# About this exercise
Exactly what is written in the records below should be returned, minus the images.

# Input records
● ● ●
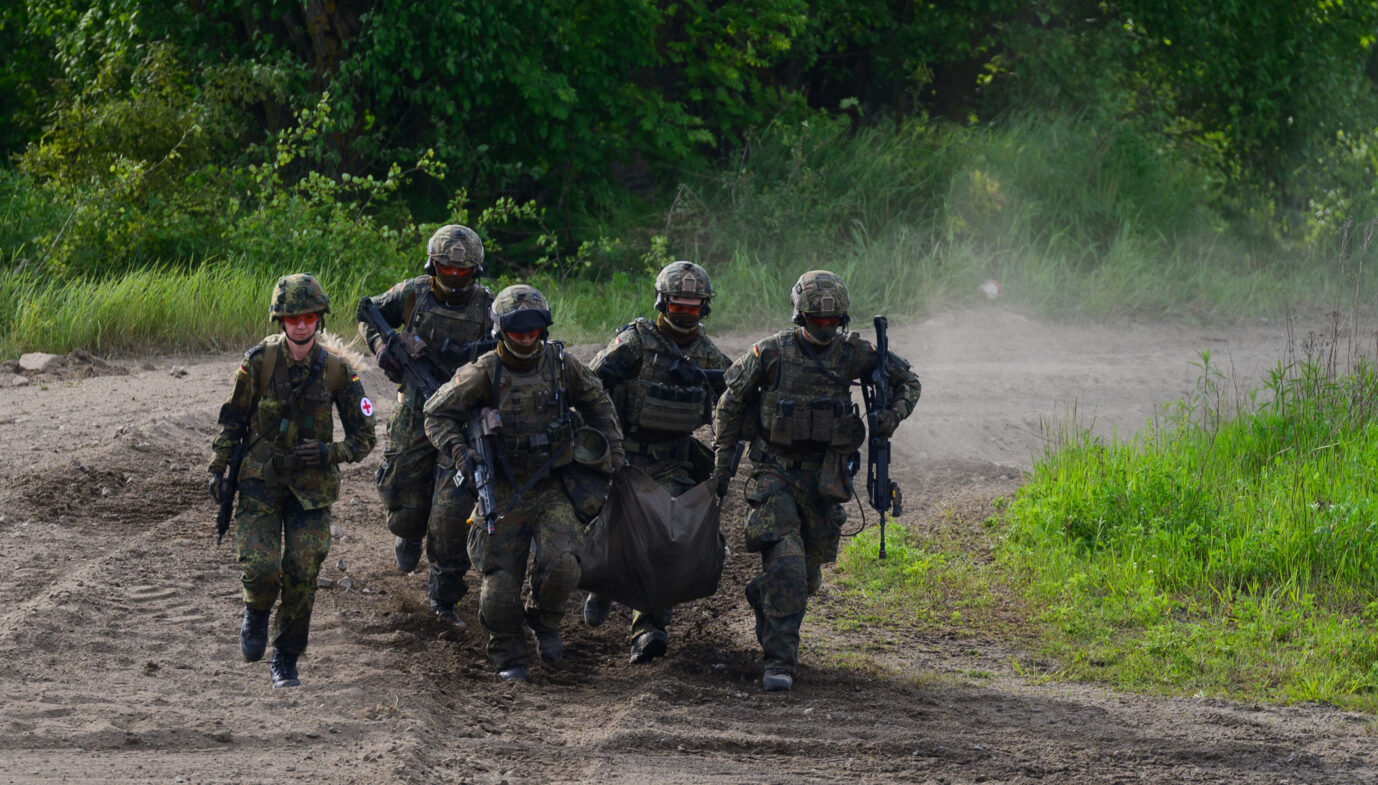 Soldaten der Bundeswehr während einer Gefechtsübung Foto: picture alliance/dpa | Philipp Schulze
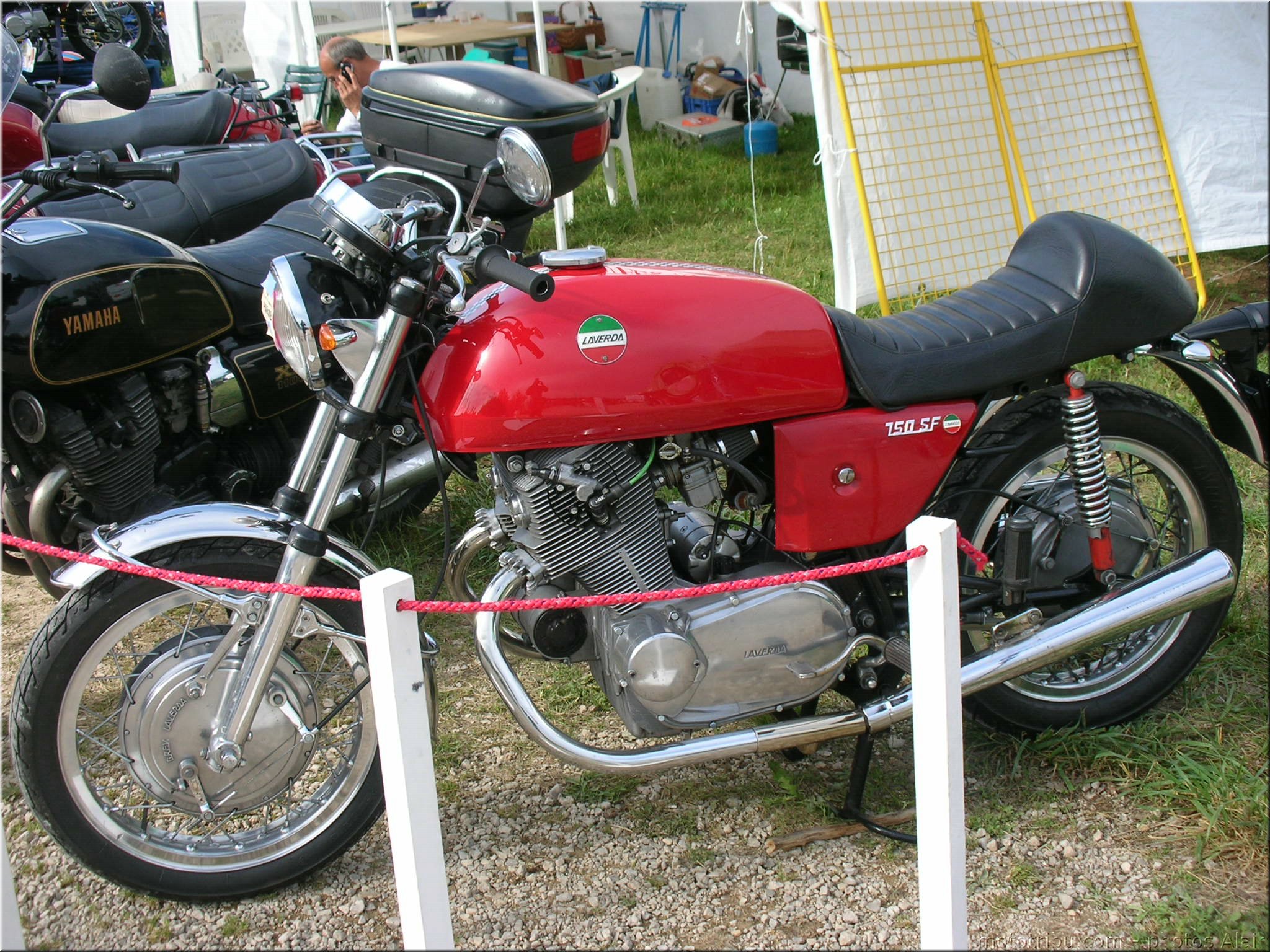 MOTO 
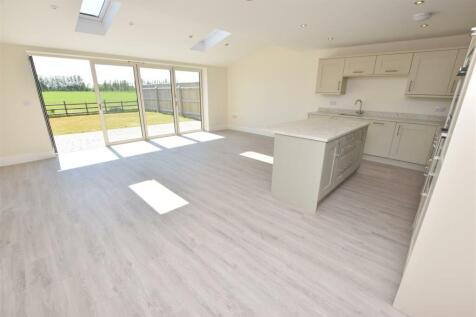 LIVING DINING KITCHEN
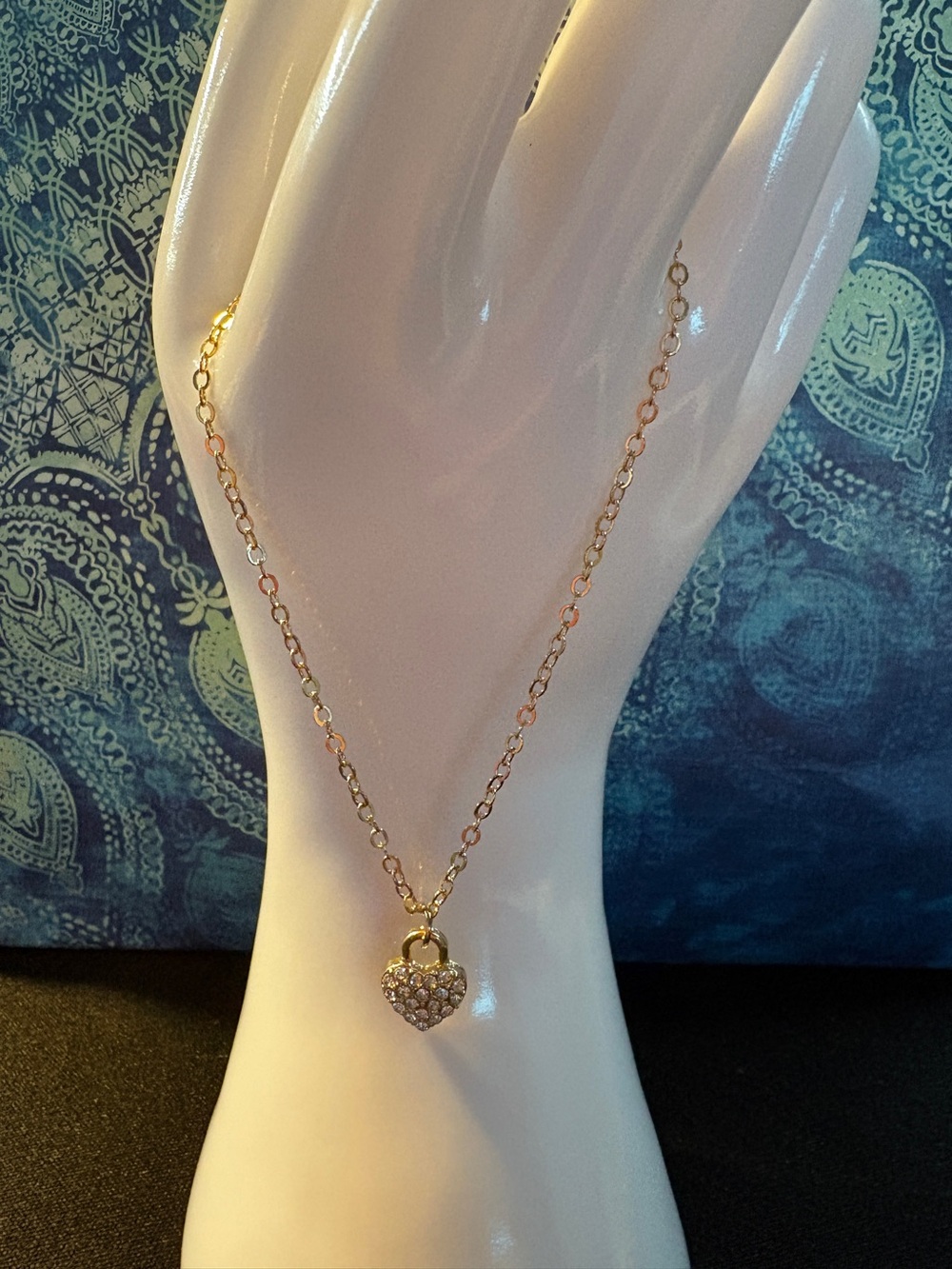 Gold Heart Pavé Pendant Bracelet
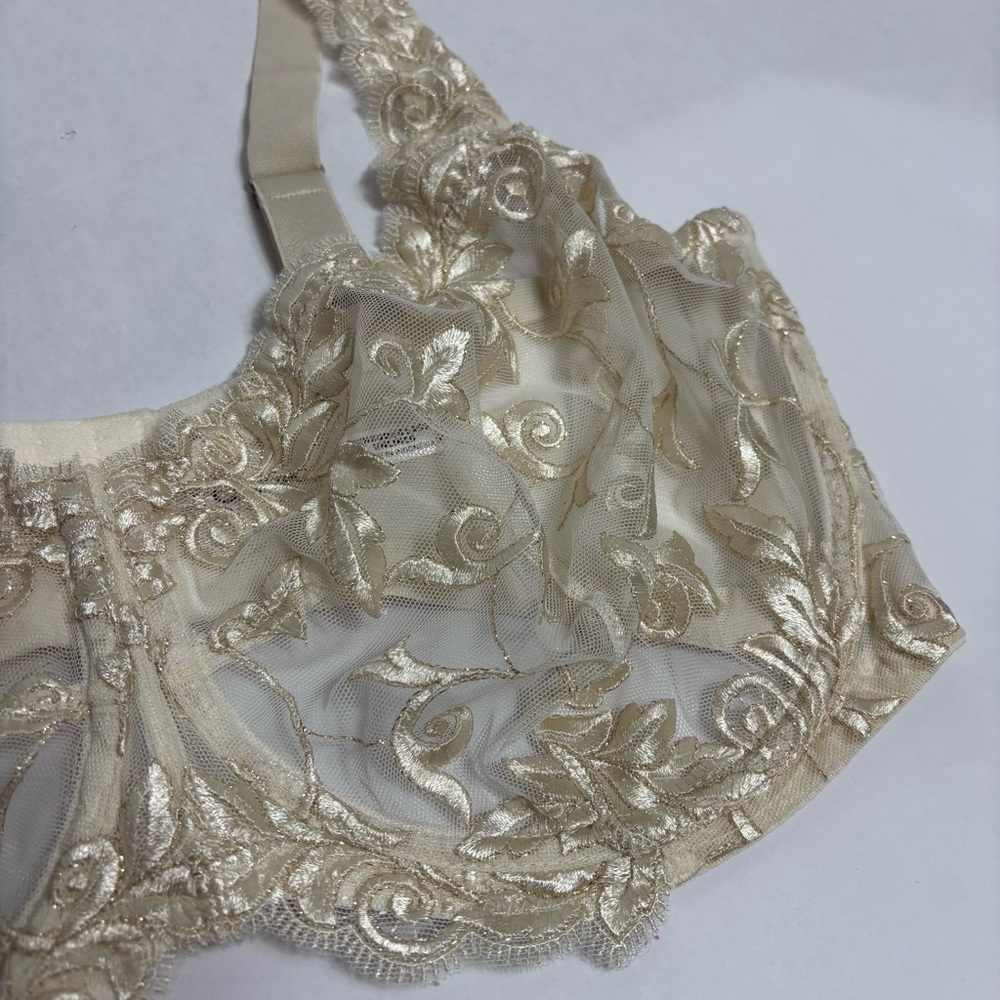 Soma underwire white shimmer lace bra - Picture 2 of 5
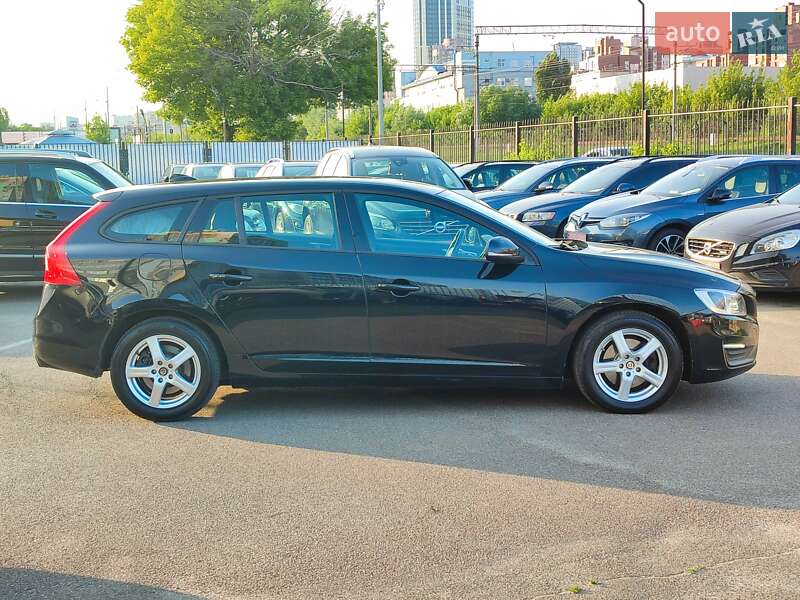 Универсал Volvo V60 2014 в Киеве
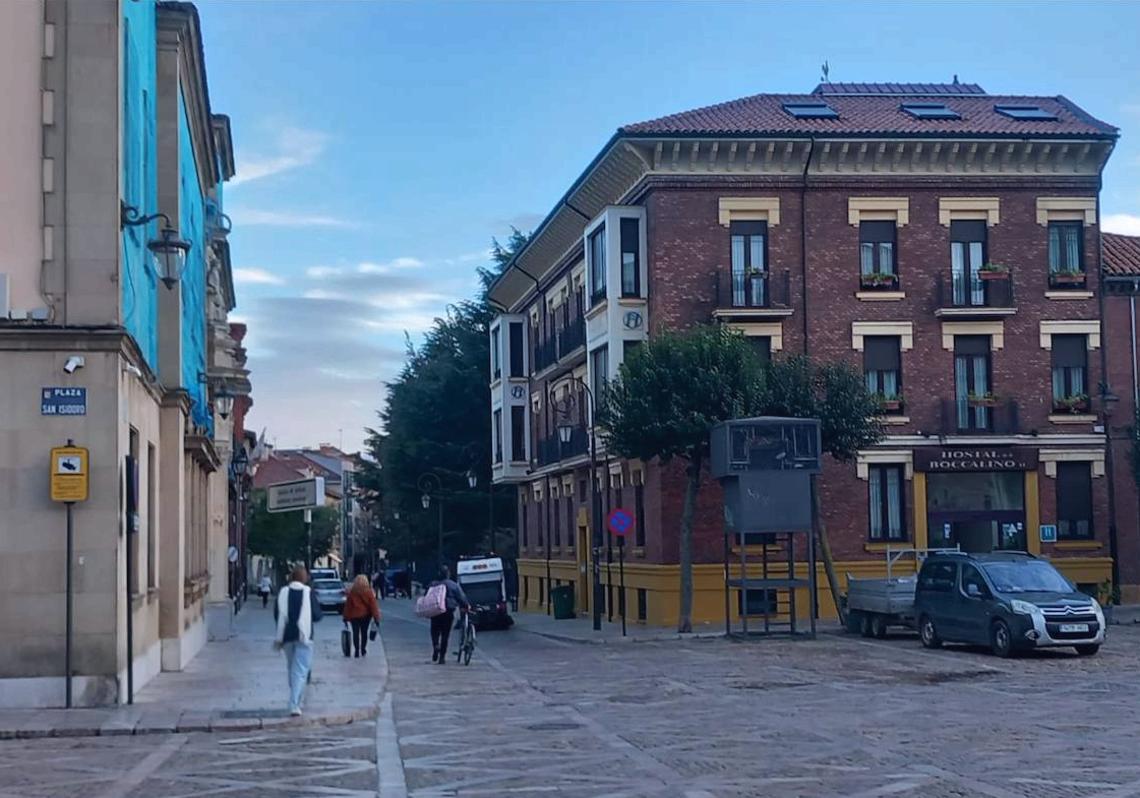 Imagen antes - Niños jugando en la Fuente de la Legión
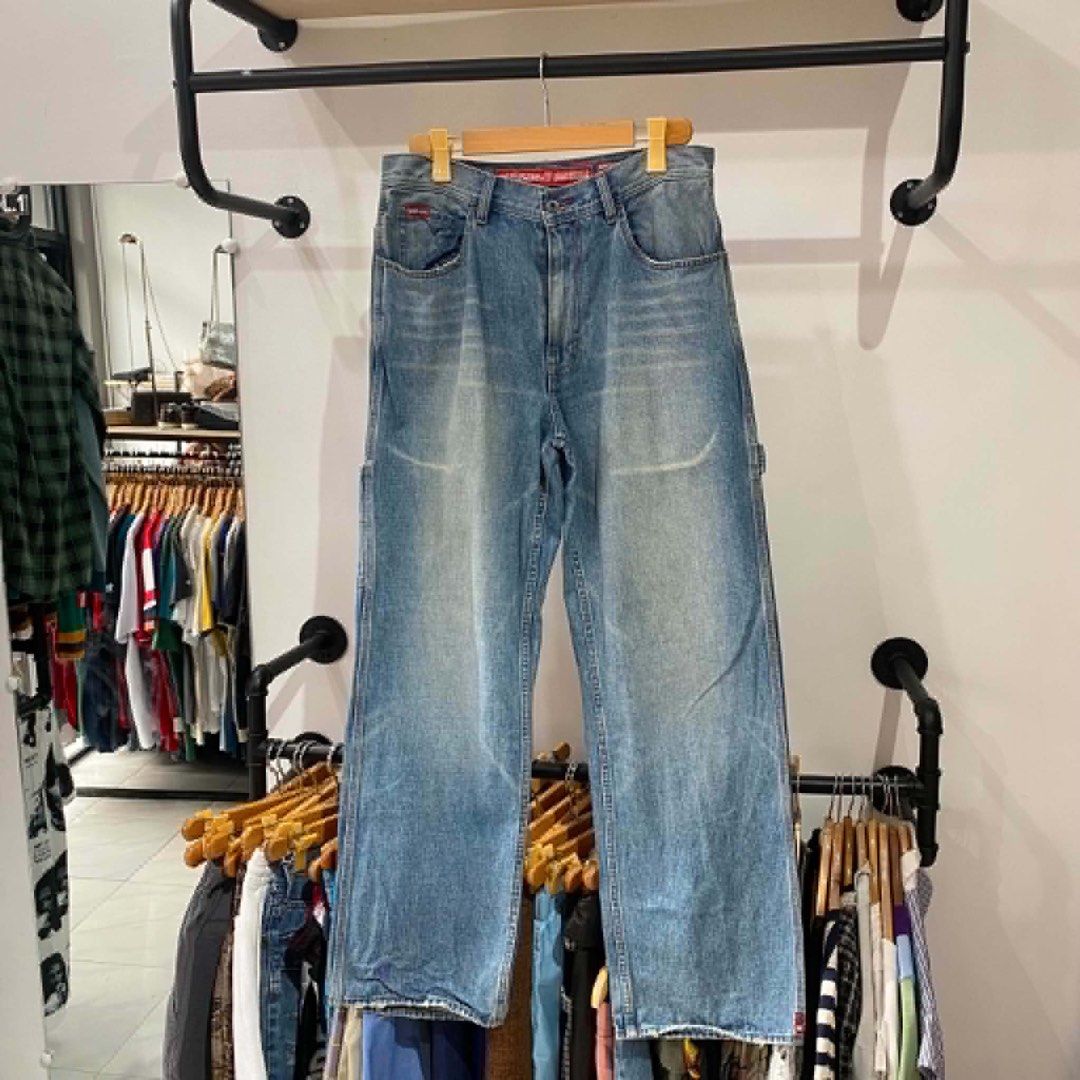 ECKO UNLTD. Baggy Carpenter Denim Jeans (Category: Jeans) located in Bambang. Submitted by heats777 (Listing ID 1457042991, Image 3). Description: - Classic blue denim jeans from ECKO UNLTD. - Baggy fit, perfect for a streetwear look. - Features multiple pockets and a utility loop. - Great for casual wear. - A staple piece for any wardrobe..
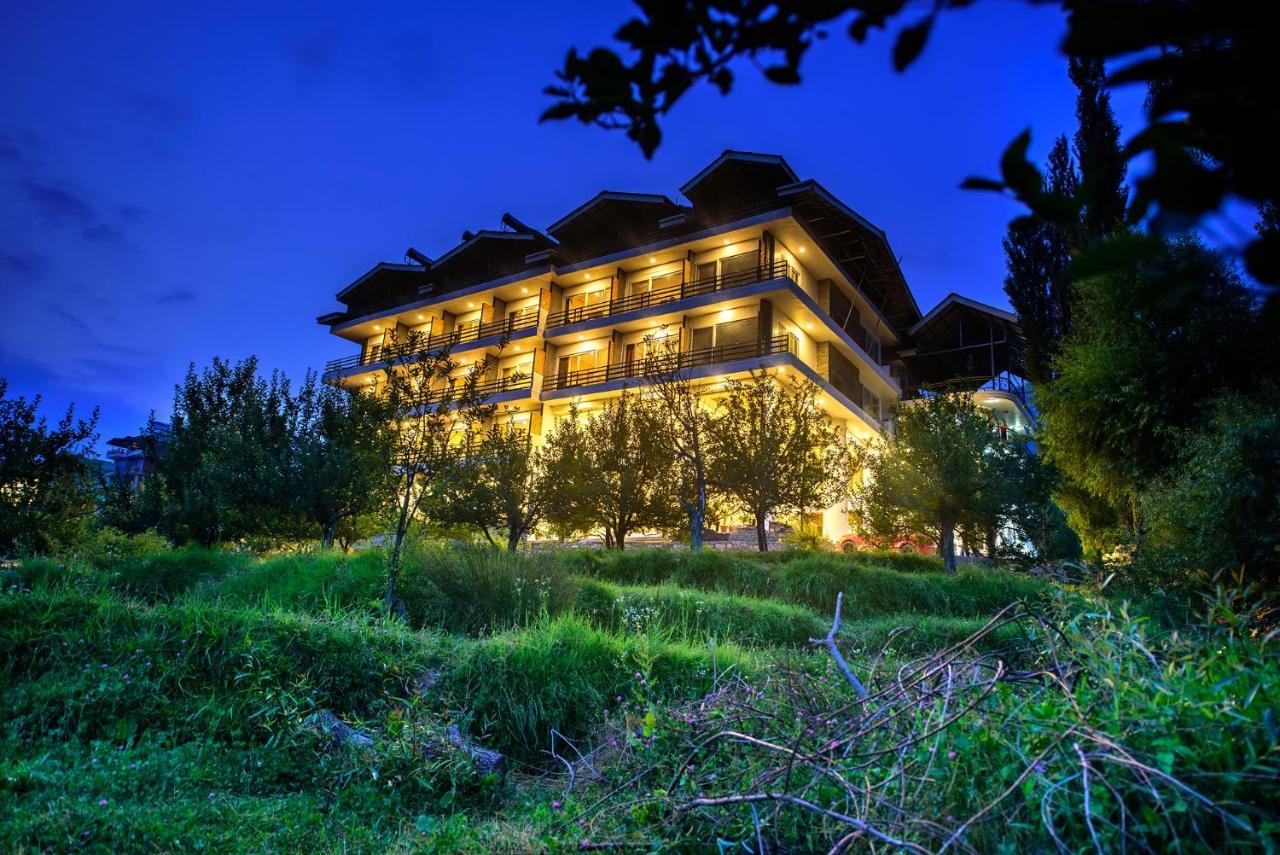 Hotel Naturevilas Sarovar Portico - Centrally Heated Manali (Himachal Pradesh)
● ● ●
# Completed exercise
 Soldaten der Bundeswehr während einer Gefechtsübung Foto: picture alliance/dpa | Philipp Schulze
 MOTO 
 LIVING DINING KITCHEN
 Gold Heart Pavé Pendant Bracelet
 Soma underwire white shimmer lace bra - Picture 2 of 5
 Универсал Volvo V60 2014 в Киеве
 Imagen antes - Niños jugando en la Fuente de la Legión
 ECKO UNLTD. Baggy Carpenter Denim Jeans (Category: Jeans) located in Bambang. Submitted by heats777 (Listing ID 1457042991, Image 3). Description: - Classic blue denim jeans from ECKO UNLTD. - Baggy fit, perfect for a streetwear look. - Features multiple pockets and a utility loop. - Great for casual wear. - A staple piece for any wardrobe..
 Hotel Naturevilas Sarovar Portico - Centrally Heated Manali (Himachal Pradesh)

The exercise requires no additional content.